W. James Potter adalah contoh dari seorang pemimpin opini dalam sistem
sosial pendidik. Dia adalah penulis dari Media Literasi , dan seorang sarjana
yang luar biasa dan dihormati di bidang komunikasi. Bukunya dan karya-
karya lain mempromosikan ide melek media dan pentingnya pendidikan dan
masyarakat. Potter adalah seorang pemimpin opini karena statusnya di bidang
komunikasi dan karena dia bekerja dalam struktur sosial.
E. Kesimpulan
Difusi literasi media difokuskan pada inovasi itu sendiri, saluran
komunikasi yang digunakan untuk menyebarkan informasi tentang inovasi,
dampak waktu, dan sifat dari sistem sosial yang mengadopsi litersi media.
Tampaknya sebagai inovasi, media literacy memiliki potensi untuk diadopsi
penuh dalam sistem sosial pendidik. Namun, media literacy harus didekati dari
instrumentalis (berbasis-adopter) perspektif (Surry & Farquhar, 1997).
Pengadopsi dalam hal ini adalah guru kelas. Jika ada upaya akar rumput antara
pendidik kelas, maka literasi media akan berhasil baik. Keempat proyek USOE
gagal, karena sebagian karena guru tidak tahu bagaimana untuk melaksanakan

14
program dan menggunakan bahan-bahan yang diberi (Brown, 1991). Sementara
harus fokus pada siswa dalam merancang kurikulum literasi media, pengembang
instruksional harus fokus pada guru karena mereka adalah orang-orang yang akan
menggunakannya. Surry dan Farquhar (1997) mencatat, teori berbasis adopter
dalam mengadopsi inovasi berjalan dengan lambat dan bertahap. Ini menjelaskan
adopsi inovasi dalam literasi media, tetapi bagian yang menarik adalah bahwa
tingkat adopsi yang terus berkembang.

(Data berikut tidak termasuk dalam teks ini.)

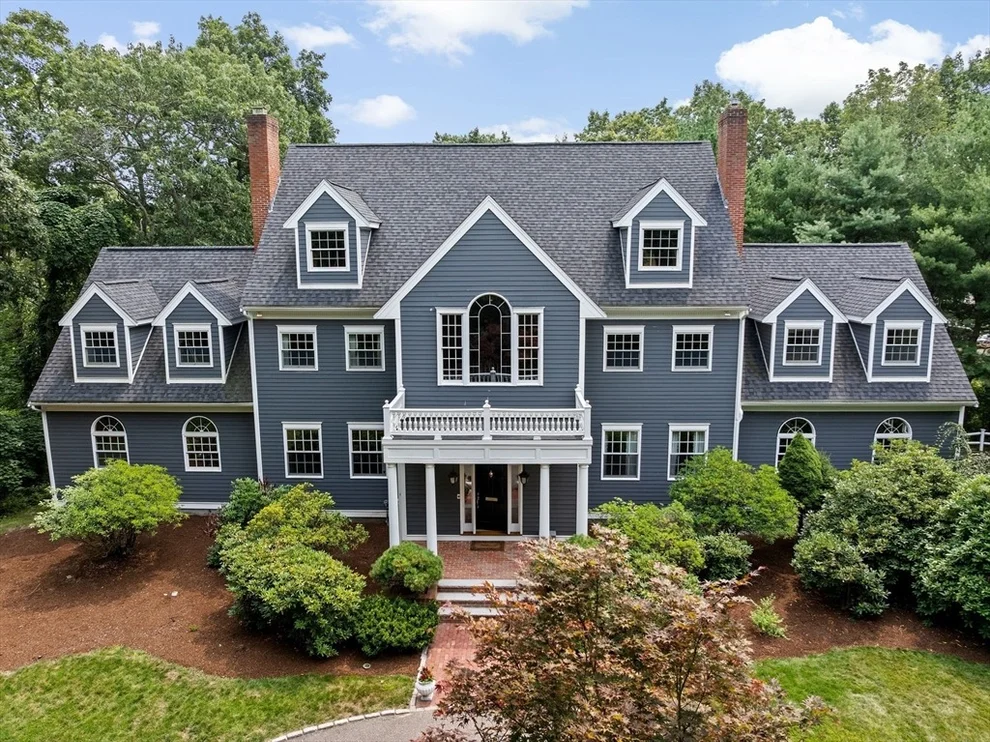 Unit for sale at 105 East St, Hingham, MA 02043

Penelitian empiris menilai efektivitas
pelatihan literasi media dan program literasi media di sekolah akan meningkatkan
adopsi inovasi pendidikan.

Sumber: Hasil Review


a Reader Prof. Zamroni, Ph.D
“Theories of Diffusion of Innovation“
Program Pascasarjana Universitas Negeri Yogyakarta, 2013.